1- prepare the reduced path
first you need to run
python generate_reduced_h4_a5bar_latest_version.py
change the data_path_h1
variable to the dir contain the images example
data_path_h1="/home/administrator/data/raw/h4/اخبار اليوم"
this will generate reduced path almost for all images
this will genreate 2 json files
1- reduced_to_real_new_h4_a5r_sa3a_ali_start.json
this contain reduced paths all numbers and doesn't contain -1
2- invalid_mapper_real_reduced_h4_a5r_sa3a_ali_start.json
this contain reduced path all number and contain -1 in one or more fields
normally you will make xcel sheet for invalid mapper and ask hassan to fix it
the reduced path files contain
the "abs-path" : 'reduced-path"
take the asr data from hasan and follow the step in the MCIT 2 machine
steps.txt the first section to upload the ASR
on the server machine
go to
cd ~/magz_scripts/test_upload_h4
run automate3_mul_latest_version.py
modify
the folder_date
to be the folder date you want to Process inside ~/data/magz/ASR
the hard_folder
to be the subdirs inside the dare dire in the ASR path
the reduced json paths
data_path=f"/home/administrator/data/magz/ASR/{folder_date}/{hard_name}/{internal_batch_name}"
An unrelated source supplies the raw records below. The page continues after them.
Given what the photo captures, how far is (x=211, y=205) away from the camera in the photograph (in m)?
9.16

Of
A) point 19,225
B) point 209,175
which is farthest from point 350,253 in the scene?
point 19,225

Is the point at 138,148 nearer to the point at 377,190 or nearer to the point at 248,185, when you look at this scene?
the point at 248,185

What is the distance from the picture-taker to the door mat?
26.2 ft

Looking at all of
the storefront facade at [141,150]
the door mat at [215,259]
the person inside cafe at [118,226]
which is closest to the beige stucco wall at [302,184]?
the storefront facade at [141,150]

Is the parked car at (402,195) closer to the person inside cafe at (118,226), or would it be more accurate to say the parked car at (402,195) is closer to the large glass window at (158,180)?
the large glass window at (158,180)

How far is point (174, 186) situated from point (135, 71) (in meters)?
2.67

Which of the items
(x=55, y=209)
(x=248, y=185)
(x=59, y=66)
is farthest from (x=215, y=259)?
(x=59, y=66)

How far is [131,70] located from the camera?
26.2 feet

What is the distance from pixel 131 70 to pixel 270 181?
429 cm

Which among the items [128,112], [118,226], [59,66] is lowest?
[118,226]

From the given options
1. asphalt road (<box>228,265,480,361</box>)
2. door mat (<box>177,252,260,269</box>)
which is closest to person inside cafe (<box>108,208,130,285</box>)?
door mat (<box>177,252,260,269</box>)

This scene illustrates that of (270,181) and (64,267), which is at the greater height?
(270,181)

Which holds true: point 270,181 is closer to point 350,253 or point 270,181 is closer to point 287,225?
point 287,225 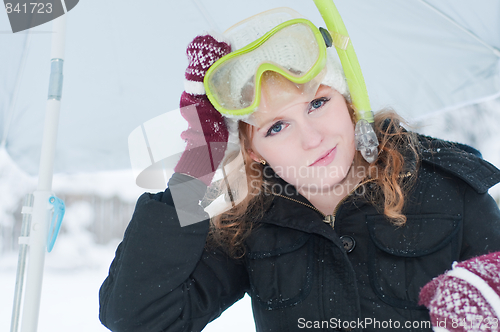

json_path_h4_a5bar1="reduced_to_real_new_h4_a5r_sa3a.json" # you can comment it
json_path_h4="reduced_to_real_new_h4.json" # you can comment it
json_path_h4_invalid_fixed="invalid_reduced_to_real_new_h4_fixed.json"# you can comment it
json_path="reduced_to_real_new.json" # change it to the json generatted from step 1
ocr_output_path=f"/home/administrator/data/magz/OCR/{folder_date}/{hard_name}/{internal_batch_name}" #"/home/administrator/data/magz/OCR/17-7-2023/h1/المصور/باتش 5 المصور 2"
mapper_real_to_reduce_4=read_reduced_path(json_path_h4_a5bar1) # you can comment it
mapper_real_to_reduce_1=read_reduced_path(json_path) # leave it as it is
mapper_real_to_reduce_2=read_reduced_path(json_path_h4) # you can comment it
mapper_real_to_reduce_3=read_reduced_path(json_path_h4_invalid_fixed) # you can comment it
mapper_real_to_reduce=mapper_real_to_reduce_4|mapper_real_to_reduce_2|mapper_real_to_reduce_1|mapper_real_to_reduce_3 # remove all of them except mapper_real_to_reduce_1 ### note that the | order matters a lot so take care
Example
folder_date="9-8-2023" # this is a folder inside ~/data/magz/ASR
hard_folders={
"h4/اخبار اليوم":
["اخر ساعة"]
}
this will generate dir in ~/data/magz/OCR/{folder_dare}/{hard_folder}/{hard_folder[values]}
example
~/data/magz/OCR/11-8-2023/h4/اخبار اليوم/اخر ساعة
this folder contain the reduced paths Titles Pargraphs Articles ...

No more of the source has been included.